- Bresch called practice top ‘threat to the generic industry’
- Drugmaker has shifted strategty to make more brand drugs
What a difference a decade makes at Mylan NV.
In 2006, the drugmaker’s chief executive officer Heather Bresch said that “authorized generics” -- like the one her company is now introducing for EpiPen after an outcry over the drug’s price -- were a grave threat to the generic drug industry and hurt consumers.
Bresch, who was Mylan’s vice president of corporate development at the time, asked Congress in July 2006 to curb brand-name drugmakers’ practice of selling unbranded versions of their own medicines to thwart generic competition. She called the strategy “the single greatest threat to the generic industry going forward.”
Mylan on Monday said it was introducing an authorized generic version of EpiPen, its allergy shot, after being criticized for raising the price of the product since acquiring it. The authorized generic version will cost $300, compared with the about $600 price of the brand version.
“The generic pharmaceutical industry has changed dramatically in the last decade,” said Nina Devlin, a Mylan spokeswoman. After losing a fight against the practice, “authorized generics are now an established part of this highly competitive industry and we are participating in the industry as it exists today.”
Mylan’s business model has changed since then, too. It acquired the rights to EpiPen in 2007, shifting the company from one almost entirely focused on generic drugs to the manager of the biggest brand-name product in the epinephrine auto-injector segment.
There are some slight differences between what Mylan is doing now and the practice Bresch decried a decade ago. To push generic drug makers to get their versions of pricier brand-name products approved, the Food and Drug Administration gives the first generic maker a special 180-day period of exclusivity. During that time, the new generic often sells for a relatively high price, until other generic makers come in and the price drops to a fraction.

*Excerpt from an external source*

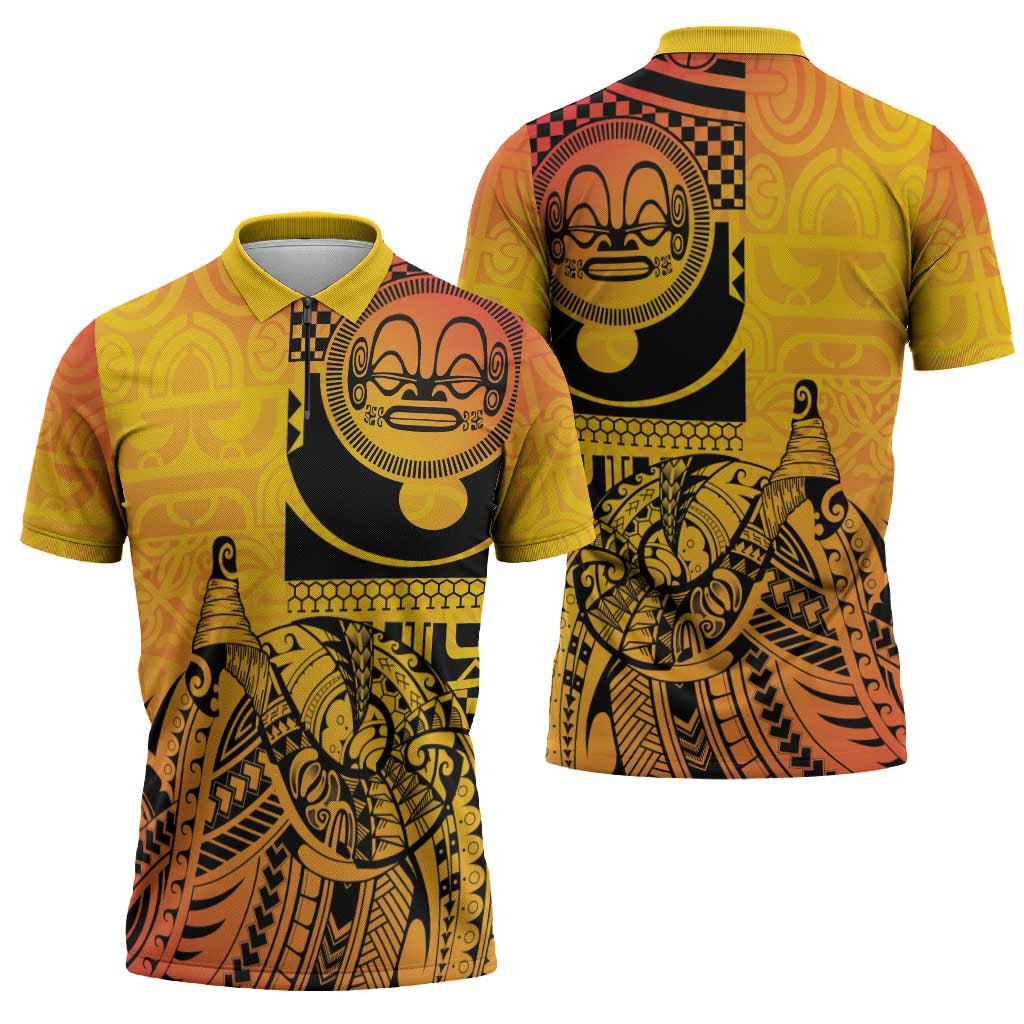 Marquesas Islands Zipper Polo Shirt Marquesan Matatiki Fish Hook Patutiki - Polynesian Pride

Bresch said in 2006 that an authorized generic reduced the incentives for generic drug makers to get their products approved, by making that 180-day period less profitable. Brand companies typically only sell the authorized generics when a true generic enters the market.

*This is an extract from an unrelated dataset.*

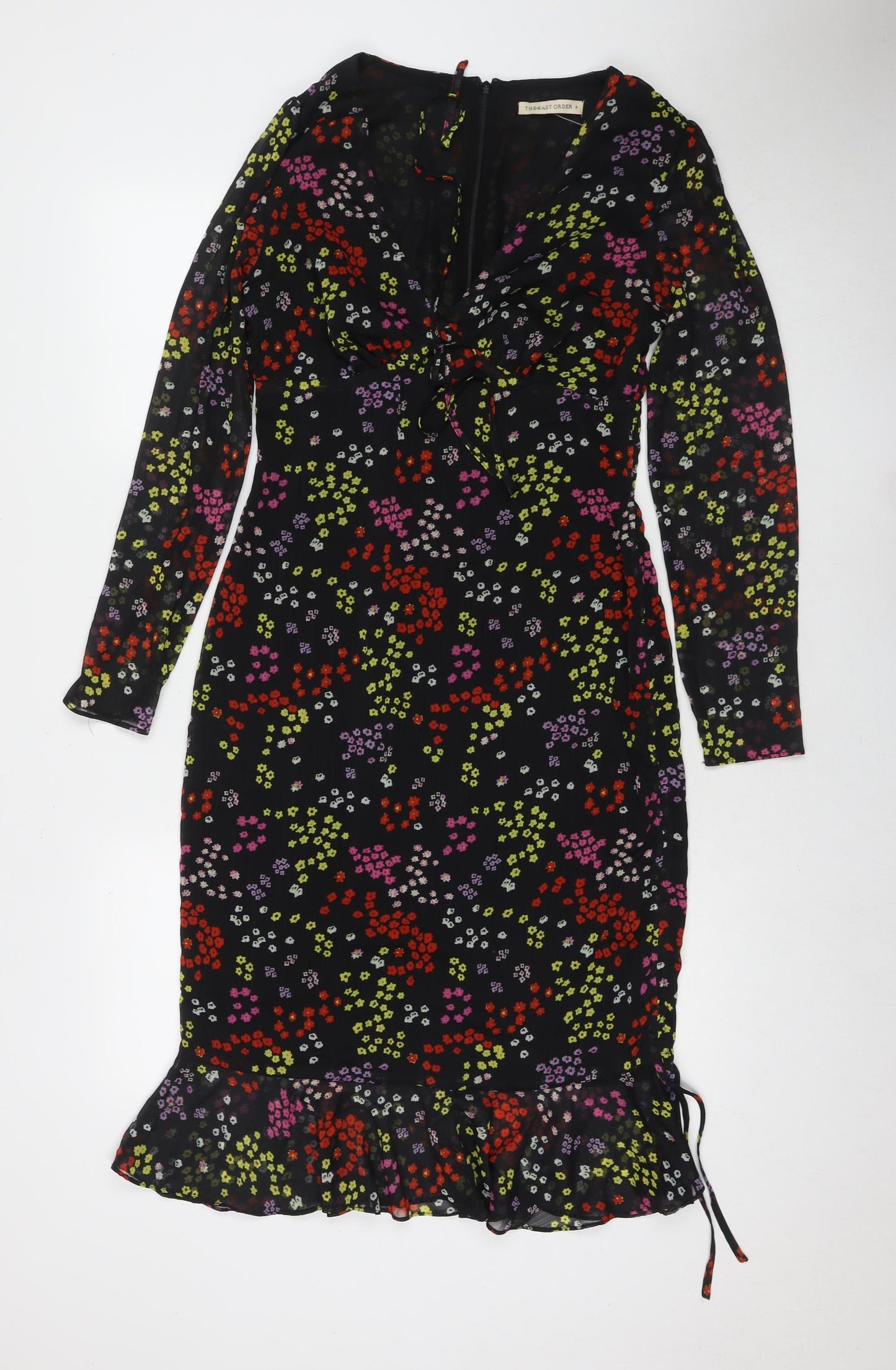 The East Order Womens Black Floral Polyester Maxi Size S V-Neck Pullover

While there is currently no generic EpiPen on the market from another drugmaker, having a Mylan version available could undercut the profits of one when or if it does become available. Teva Pharmaceutical Industries Ltd. has filed with the FDA to bring such a product to market, though Teva said in February that it had been rejected.
Bresch appeared before the Senate Special Committee on Aging as part of the panel’s 2006 hearing on the price of drugs, and at a House of Representatives hearing in 2009 where she made similar points.
“For brand companies, authorized generics are a long-term strategy designed to debilitate our industry,” Bresch said in 2006. “There is no short-term benefit and there is long-term detriment to the generic industry because of this practice.”
She also said that authorized generics hurt patients.
“Supporters of authorized generics claim that consumers benefit from this practice through lower prices,” she told the committee. “Nothing could be further from the truth.”
A 2011 study by the Federal Trade Commission found that the first generic to market typically cost 86 percent of the brand-name price when there wasn’t an authorized generic present. When there was, the generic cost 82 percent of the brand-name price, the FTC said.
Mylan has taken contradictory stances on authorized generics since those hearings. In 2013 it reached a settlement to sell the authorized generic of Orion Corp.’s Parkinson’s disease treatment Stalevo. A year later the company successfully sued to halt an authorized generic of GlaxoSmithKline Plc’s antidepressant Paxil CR, which it said was in violation of a patent settlement.